May 25, 2019, 9:52 PM

@Thenomain said in Difference between an NPC and a Staff PC?:

So, a staffer playing an NPC versus a staffer playing a PC.

Is there really a difference?

Can an NPC without extensive documentation exist?

When does an NPC become a Staff PC?

Fight.

I understand why you're asking, and I think most of us have seen instances where these things were unethically used, but if I'm honest this line of thinking still makes me a little bit nervous, for all of the reasons @Wretched mentioned. When people create a game, pouring their time and energy into a setting that excites them, nine times out of ten they're creating the place they want to play in because it doesn't yet exist. If you're like me, you're already hyper-aware that there are limits being put on what you can do with your PCs in order to stave off player perception of taking liberties. (This is true of anywhere that you're intensively storytelling, too -- the juiciest plot bits are probably getting dispensed to other people.)

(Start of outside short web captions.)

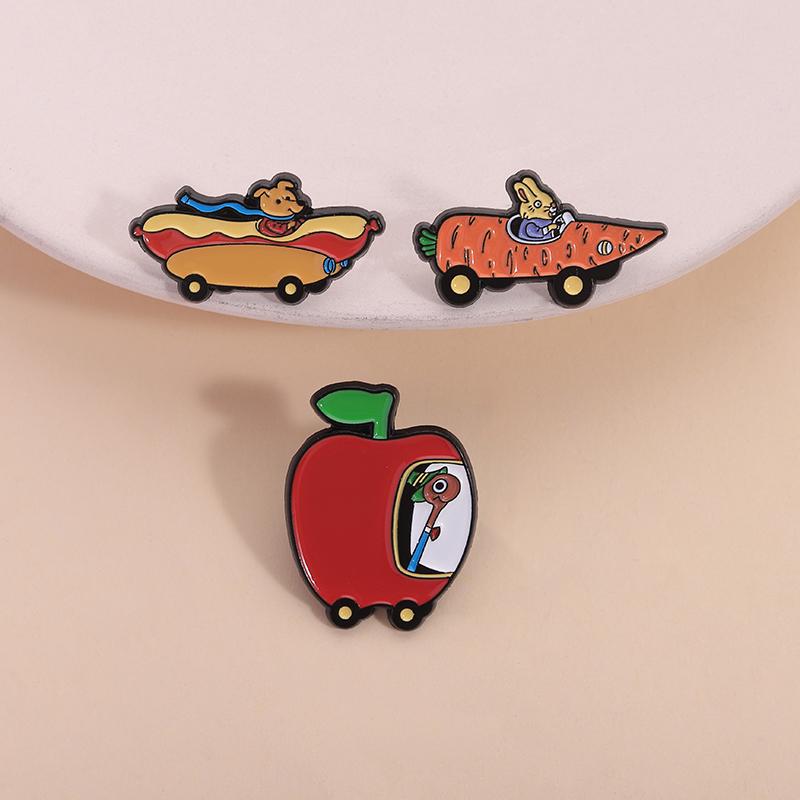 Anime Cartoon Characters Enamel Pins Beavers Brothers Huckleberry Hound Lowly Worm Brooches Lapel Badge Jewelry Gift for Friends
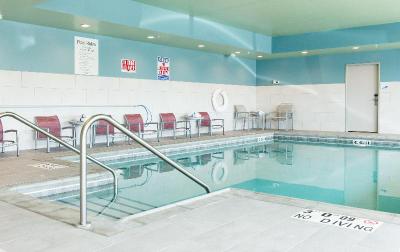 Holiday Inn Express and Suites Rock Falls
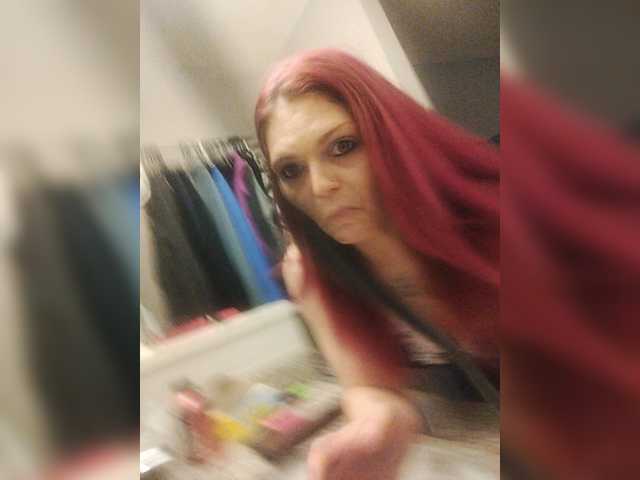 Емитувани слики од екранот IBTHASHiiT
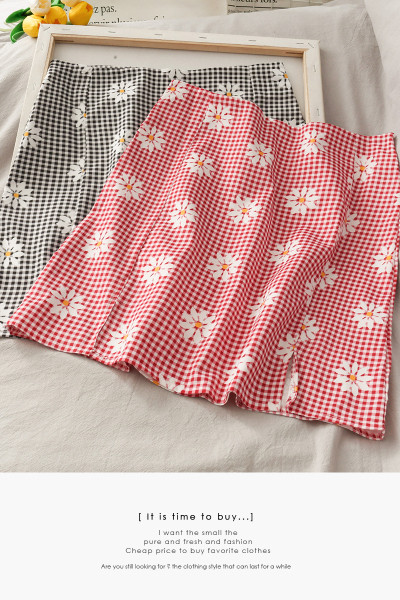 Rūtaini sieviešu īsi svārki ar augstu vidukli un šķēlumu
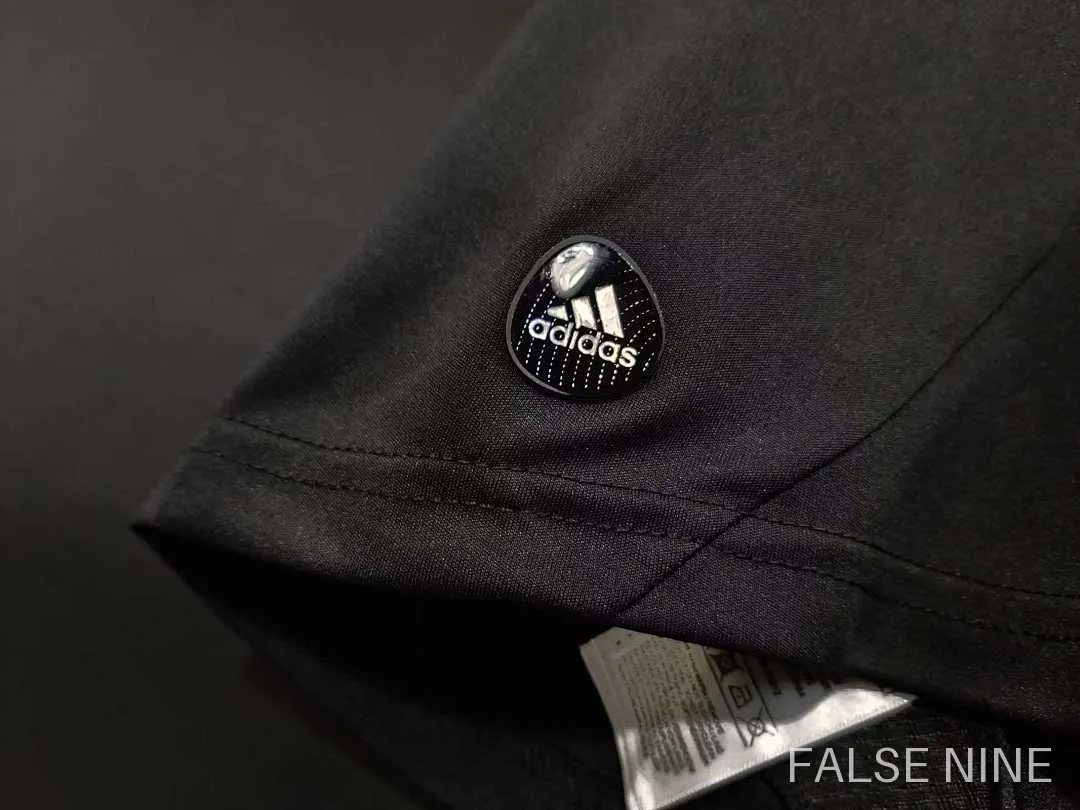 11/12 Real Madrid Black Retro Fan version, photo 3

You're already sort of in the crappy position of finally having the game you want to play on, but at the high cost of spending a significant chunk of your time doing things that aren't RP (and are often frustrating), and when you do RP, you're more limited than you would be as a regular ol' player.

I use NPCs as a player storyteller and as staff. They work the same way in both cases. I make them up on the spot all the time. They're Supporting Cast. Sometimes they become important to a plot, emotionally or otherwise, but their fates are governed by the actions of actual players. That's a subservience of purpose I would never want to feel my own PCs are beholden to.